2017-01-04 05:18:08

by Anton Blanchard

[permalink] [raw]
Subject: ext4 filesystem corruption with 4.10-rc2 on ppc64le

Hi,

I'm consistently seeing ext4 filesystem corruption using a mainline
kernel. It doesn't take much to trigger it - download a ppc64le Ubuntu
cloud image, boot it in KVM and run:

sudo apt-get update
sudo apt-get dist-upgrade
sudo reboot

And it never makes it back up, dying with rather severe filesystem
corruption.

I've narrowed it down to:

64e1c57fa474 ("ext4: Use clean_bdev_aliases() instead of iteration")
e64855c6cfaa ("fs: Add helper to clean bdev aliases under a bh and use it")
ce98321bf7d2 ("fs: Remove unmap_underlying_metadata")

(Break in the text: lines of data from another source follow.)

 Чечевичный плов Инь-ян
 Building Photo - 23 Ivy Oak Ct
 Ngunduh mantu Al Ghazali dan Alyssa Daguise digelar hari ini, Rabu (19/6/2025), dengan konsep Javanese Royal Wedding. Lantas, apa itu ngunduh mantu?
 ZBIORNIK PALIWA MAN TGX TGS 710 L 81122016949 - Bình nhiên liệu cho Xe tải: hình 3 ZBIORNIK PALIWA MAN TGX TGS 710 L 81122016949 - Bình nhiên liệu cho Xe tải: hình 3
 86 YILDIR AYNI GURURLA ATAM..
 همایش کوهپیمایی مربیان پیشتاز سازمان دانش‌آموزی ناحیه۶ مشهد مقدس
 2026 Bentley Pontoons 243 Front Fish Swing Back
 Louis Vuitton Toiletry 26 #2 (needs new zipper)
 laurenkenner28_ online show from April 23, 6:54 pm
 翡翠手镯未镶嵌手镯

Backing these patches out fixes the issue.

Anton


2017-01-04 06:02:42

by Chandan Rajendra

[permalink] [raw]
Subject: Re: ext4 filesystem corruption with 4.10-rc2 on ppc64le

On Wednesday, January 04, 2017 04:18:08 PM Anton Blanchard wrote:
> Hi,
>
> I'm consistently seeing ext4 filesystem corruption using a mainline
> kernel. It doesn't take much to trigger it - download a ppc64le Ubuntu
> cloud image, boot it in KVM and run:
>
> sudo apt-get update
> sudo apt-get dist-upgrade
> sudo reboot
>
> And it never makes it back up, dying with rather severe filesystem
> corruption.

Hi,

The patch at https://patchwork.kernel.org/patch/9488235/ should fix the
bug.

>
> I've narrowed it down to:
>
> 64e1c57fa474 ("ext4: Use clean_bdev_aliases() instead of iteration")
> e64855c6cfaa ("fs: Add helper to clean bdev aliases under a bh and use it")
> ce98321bf7d2 ("fs: Remove unmap_underlying_metadata")
>
> Backing these patches out fixes the issue.
>
> Anton
> --
> To unsubscribe from this list: send the line "unsubscribe linux-ext4" in
> the body of a message to [email protected]
> More majordomo info at http://vger.kernel.org/majordomo-info.html
>

--
chandan

2017-01-04 07:34:00

by luigi burdo

[permalink] [raw]
Subject: Re: ext4 filesystem corruption with 4.10-rc2 on ppc64le

Hi,

it is present on ppc not le too.

found it on Ubuntu Mate 16.10 PPC with kernel 4.9 rc6 PPC64 on P5020/P5040


Thanks

Luigi


________________________________
Da: Linuxppc-dev <[email protected]> per conto di Anton Blanchard <[email protected]>
Inviato: mercoled? 4 gennaio 2017 06.18
A: [email protected]; Michael Ellerman; Benjamin Herrenschmidt; Paul Mackerras; Stephen Rothwell; [email protected]
Cc: [email protected]; [email protected]; [email protected]; [email protected]
Oggetto: ext4 filesystem corruption with 4.10-rc2 on ppc64le

Hi,

I'm consistently seeing ext4 filesystem corruption using a mainline
kernel. It doesn't take much to trigger it - download a ppc64le Ubuntu
cloud image, boot it in KVM and run:

sudo apt-get update
sudo apt-get dist-upgrade
sudo reboot

And it never makes it back up, dying with rather severe filesystem
corruption.

I've narrowed it down to:

64e1c57fa474 ("ext4: Use clean_bdev_aliases() instead of iteration")
e64855c6cfaa ("fs: Add helper to clean bdev aliases under a bh and use it")
ce98321bf7d2 ("fs: Remove unmap_underlying_metadata")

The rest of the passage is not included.